Free tier: 50 monitors, 5-minute intervals
Simple setup (no code required)
Multiple alert channels (email, Slack, Discord, Telegram)
Public status page option
Response time tracking

Alternatives:

Pingdom: Industry standard ($10+/month)
Better Uptime: Modern UI, incident management ($20+/month)
Freshping: Free tier, 50 monitors
StatusCake: Free tier, 10 monitors

Setup Instructions

Step 1: Create UptimeRobot Account

Go to uptimerobot.com
Sign up for free account
Verify email address

Step 2: Configure Monitors

Create the following monitors for pNode Pulse:

Monitor 1: Homepage (HTTPS)

Setting	Value
Monitor Type	HTTP(s)
Friendly Name	pNode Pulse - Homepage
URL	`https://pulse.rectorspace.com`
Monitoring Interval	5 minutes
Monitor Timeout	30 seconds

Advanced Settings:

HTTP Method: GET
Expected Status Codes: 200-299

Monitor 2: Health Endpoint (API)

Setting	Value
Monitor Type	HTTP(s)
Friendly Name	pNode Pulse - Health
URL	`https://pulse.rectorspace.com/api/health`
Monitoring Interval	5 minutes
Monitor Timeout	30 seconds

Advanced Settings:

HTTP Method: GET
Expected Status Codes: 200
Keyword: "status":"healthy" (type: exists)

This monitor validates:

Application is running
Database connection is healthy
Redis connection is healthy

Monitor 3: API Endpoint (tRPC)

Setting	Value
Monitor Type	HTTP(s)
Friendly Name	pNode Pulse - API
URL	`https://pulse.rectorspace.com/api/v1/leaderboard`
Monitoring Interval	5 minutes
Monitor Timeout	30 seconds

Advanced Settings:

HTTP Method: GET
Expected Status Codes: 200
Keyword: nodes (type: exists)

Monitor 4: Staging Environment

Setting	Value
Monitor Type	HTTP(s)
Friendly Name	pNode Pulse - Staging
URL	`https://staging.pulse.rectorspace.com/api/health`
Monitoring Interval	15 minutes
Monitor Timeout	30 seconds

Note: Longer interval for staging (less critical).

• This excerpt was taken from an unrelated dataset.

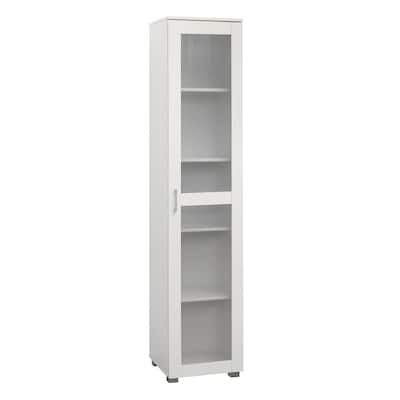 Signature Home SignatureHome Romero White Finish 73" In. H Curio Storage Cabinet with 5 shelves behind doors. Dimension (16Lx16Wx73H)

Step 3: Configure Alert Contacts

Go to My Settings → Alert Contacts → Add Alert Contact

Email Alerts

Setting	Value
Alert Contact Type	Email
Friendly Name	Team Email
Email	your-team@email.com

Discord Alerts (Recommended)

In Discord server, create webhook:
- Server Settings → Integrations → Webhooks
- Create Webhook → Copy URL

In UptimeRobot:

Setting	Value
Alert Contact Type	Webhook
Friendly Name	Discord Alerts
URL to Notify	`https://discord.com/api/webhooks/...`
POST Value	`{"content": "monitorFriendlyName is alertTypeFriendlyName"}`

Telegram Alerts

Create Telegram bot via @BotFather
Get chat ID from @userinfobot
In UptimeRobot:

Setting Value

Alert Contact Type Telegram

Friendly Name Telegram Alerts

Bot Token Your bot token

Chat ID Your chat ID

Setting	Value
Alert Contact Type	Telegram
Friendly Name	Telegram Alerts
Bot Token	Your bot token
Chat ID	Your chat ID

Step 4: Assign Alerts to Monitors

For each monitor:

Edit monitor
Scroll to "Alert Contacts To Notify"
Select appropriate contacts
Save

Health Endpoint Reference

pNode Pulse provides a comprehensive health endpoint:

URL: GET /api/health

Response (Healthy):

{
  "status": "healthy",
  "timestamp": "2025-12-15T10:00:00.000Z",
  "checks": {
    "database": true,
    "redis": true
  },
  "version": "1.0.0",
  "uptime": 3600
}

Response (Degraded):

{
  "status": "degraded",
  "timestamp": "2025-12-15T10:00:00.000Z",
  "checks": {
    "database": true,
    "redis": false
  },
  "version": "1.0.0",
  "uptime": 3600
}

Response (Unhealthy):

{
  "status": "unhealthy",
  "timestamp": "2025-12-15T10:00:00.000Z",
  "checks": {
    "database": false,
    "redis": false
  },
  "version": "1.0.0",
  "uptime": 0
}

HTTP Status Codes:

200 OK - Healthy or Degraded
503 Service Unavailable - Unhealthy

Status Page (Optional)

UptimeRobot provides a free public status page:

Setup

Go to My Settings → Public Status Pages
Click Add Status Page
Configure:

Setting Value

Friendly Name pNode Pulse Status

Custom Domain status.pulse.rectorspace.com (optional)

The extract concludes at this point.